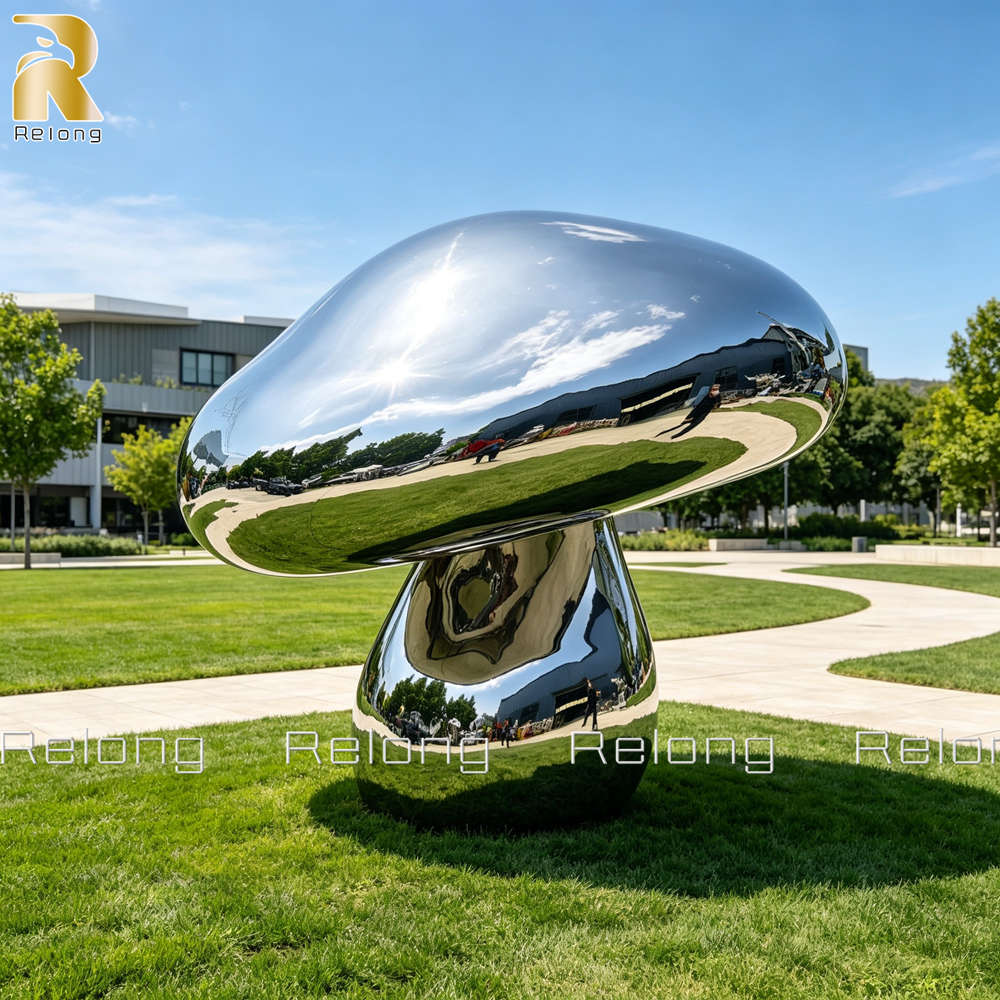 large stainles steel mushroom sculpture
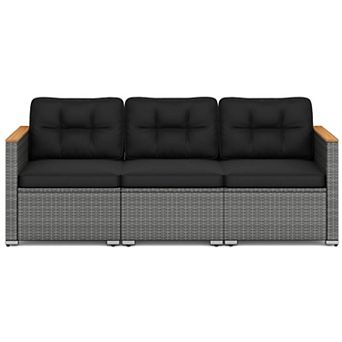 Costway 3-Seat Patio Couch Sofa PE Rattan Wicker Outdoor Loveseat Furniture Set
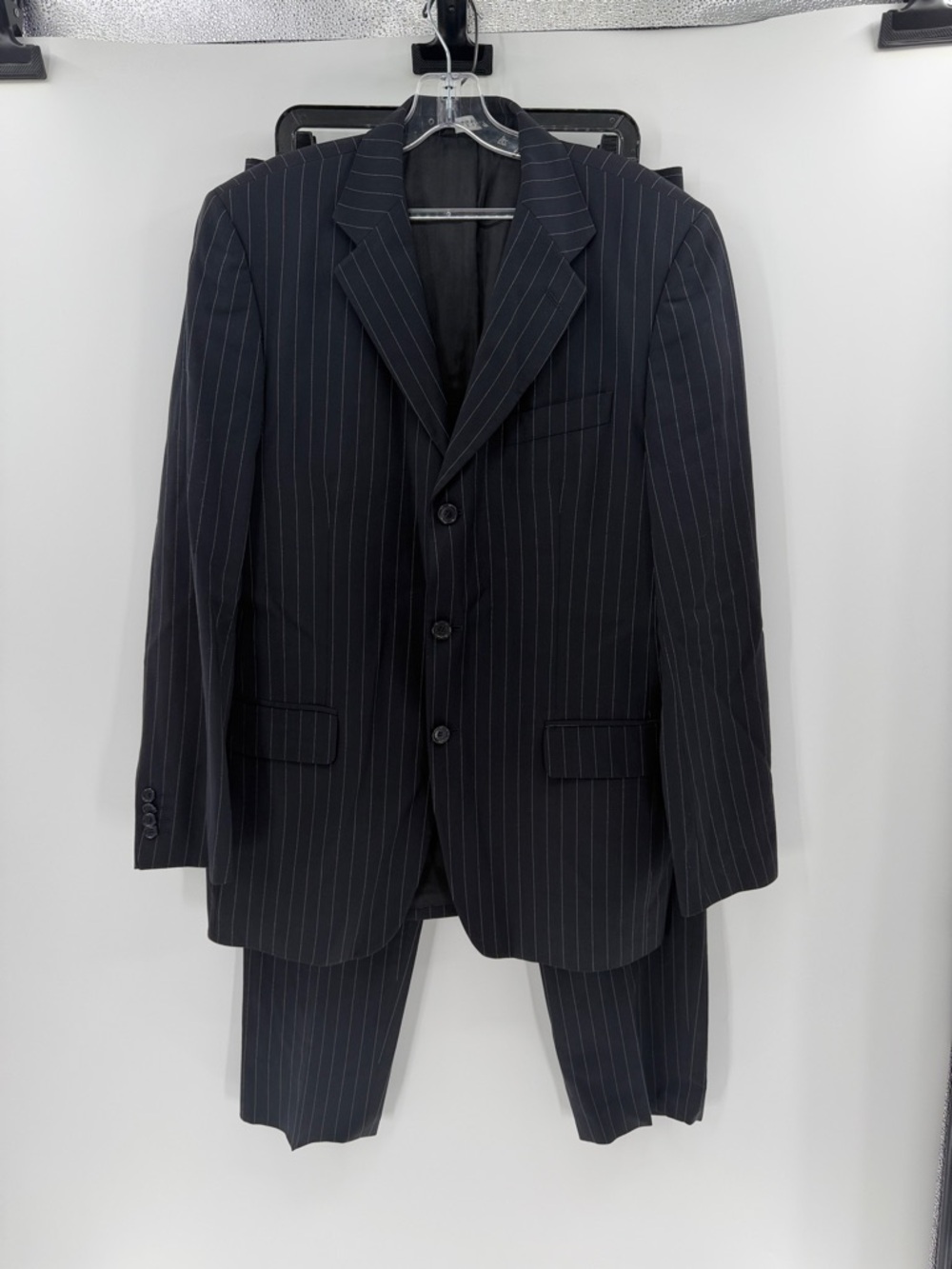 Dolce & Gabbana Basic Men's 100% Wool Pinstripe Suit - Navy/White - 52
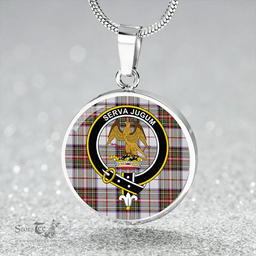 Scottish Hay #2 Ancient Clan Tartan Circle Necklace - Crest Classic Scottish Plaid Tartan Plaid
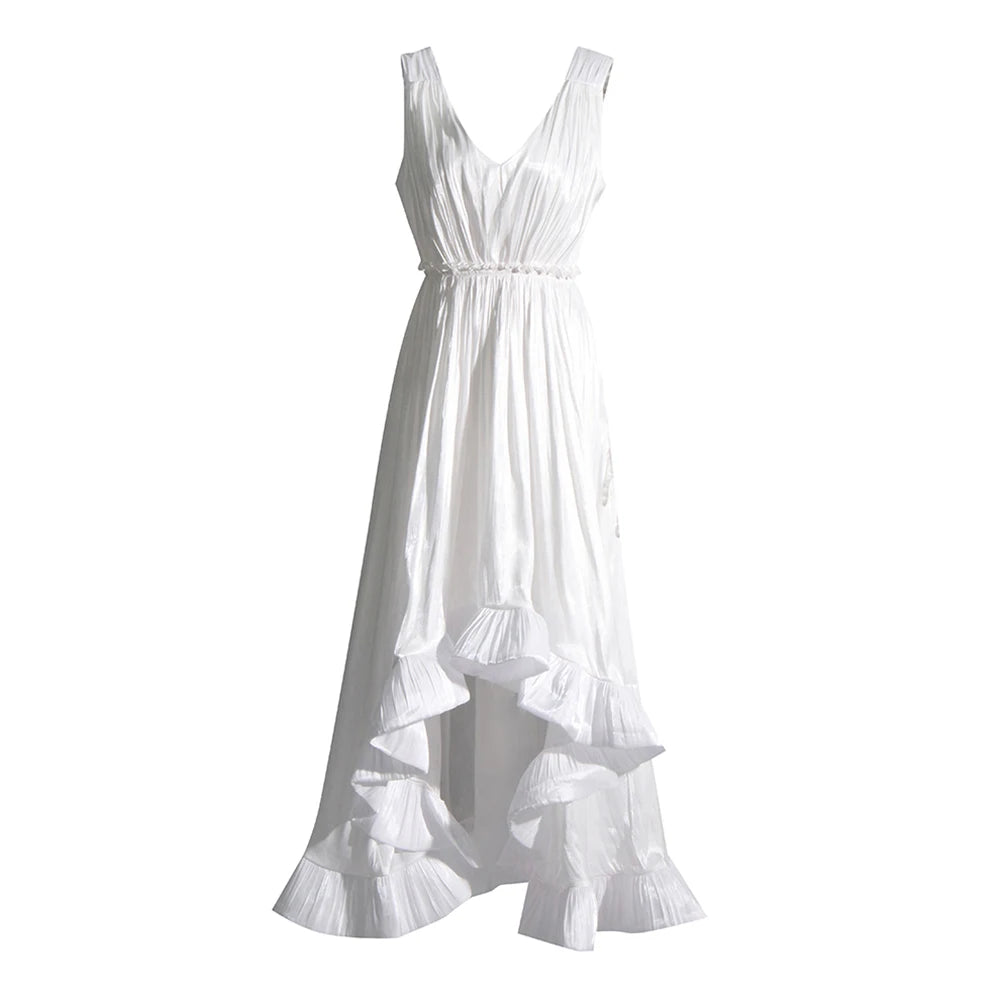 Women's Backless Sleeveless Deep V-Neck High Waist Ruffled Hem Draped Dress - Solid Color Summer Dress 2023 | Perfect for Beach Parties, Date Nights & Cocktail Events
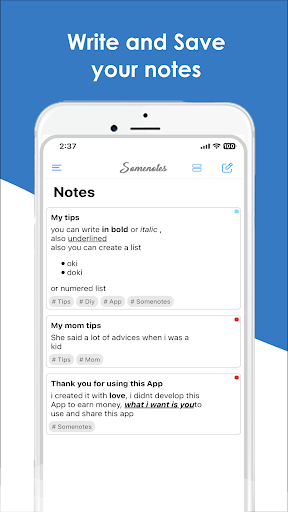Somenotes Screen 2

The problem: Repeat all of the data above word for word, minus the pictures.

Reply to the exercise:
 large stainles steel mushroom sculpture
 Costway 3-Seat Patio Couch Sofa PE Rattan Wicker Outdoor Loveseat Furniture Set
 Dolce & Gabbana Basic Men's 100% Wool Pinstripe Suit - Navy/White - 52
 Scottish Hay #2 Ancient Clan Tartan Circle Necklace - Crest Classic Scottish Plaid Tartan Plaid
 Women's Backless Sleeveless Deep V-Neck High Waist Ruffled Hem Draped Dress - Solid Color Summer Dress 2023 | Perfect for Beach Parties, Date Nights & Cocktail Events
Somenotes Screen 2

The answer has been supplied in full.